Wednesday, August 22, 2012

The Great White Shark of Pain

I’ve been meaning to write a post on David Foster Wallace but hadn’t gotten around to it, mainly because I hadn’t gotten around to reading The Pale King yet. Well, now I have an excuse - D.T. Max has just written Every Love Story is a Ghost Story: A Life of David Foster Wallace (reviewed today in the New York Times). Eventually I will read Max’s biography, but I do remember the New Yorker article on which it was based, which is well worth the read.
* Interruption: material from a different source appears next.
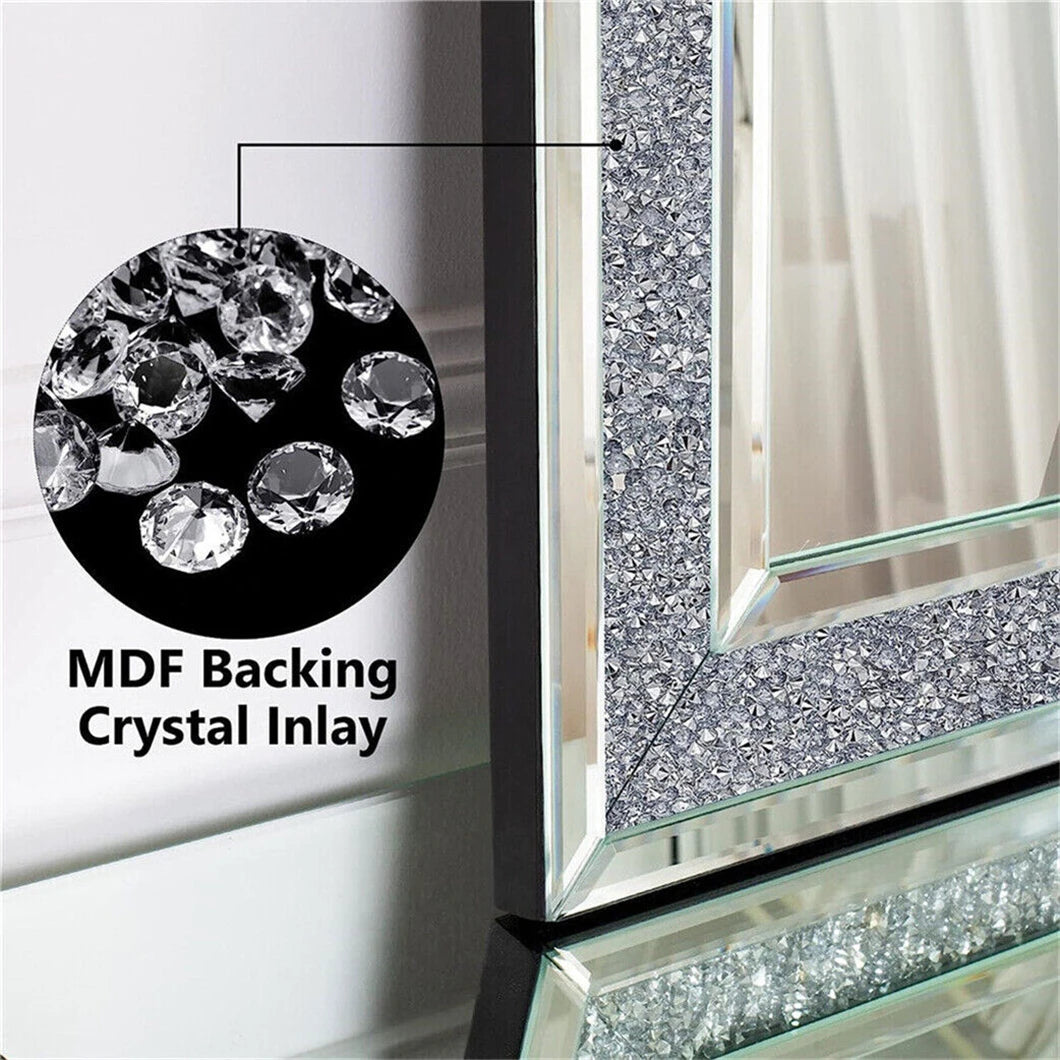 BORWARTH Crushed Diamond Wall Mirror With Beveled Glass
The other reason I hadn’t posted on David Foster Wallace is because, even four years after his suicide, I am still deeply saddened by it. I’d enjoyed DFW’s work and admired him as a person, not just as an artist. Unfortunately, I don’t have even a shred of his immense talent, so when I try to say something meaningful about his work or his death, I am at a loss for words. Fortunately, he was not. In his brief life he left behind a couple of novels and a boat load of essays and short stories, all of which I can load up on my Kindle and read and re-read. When I’m not feeling too depressed.

As noted in The Times review,  DFW referred to clinical depression as “The Great White Shark of pain.” What an apt metaphor!  I should’ve made that the title of my blog. Or, if ever I have a career as professional wrestler or mixed martial artist, that is totally going to be my nom de guerre.

Since we are discussing depression and its metaphors, Andrew Solomon’s The Noonday Demon is an excellent book on the subject. Both memoir and research, it gives you a raw and painful understanding of this crippling disease. I read it about 10 years ago and it’s really stuck with me.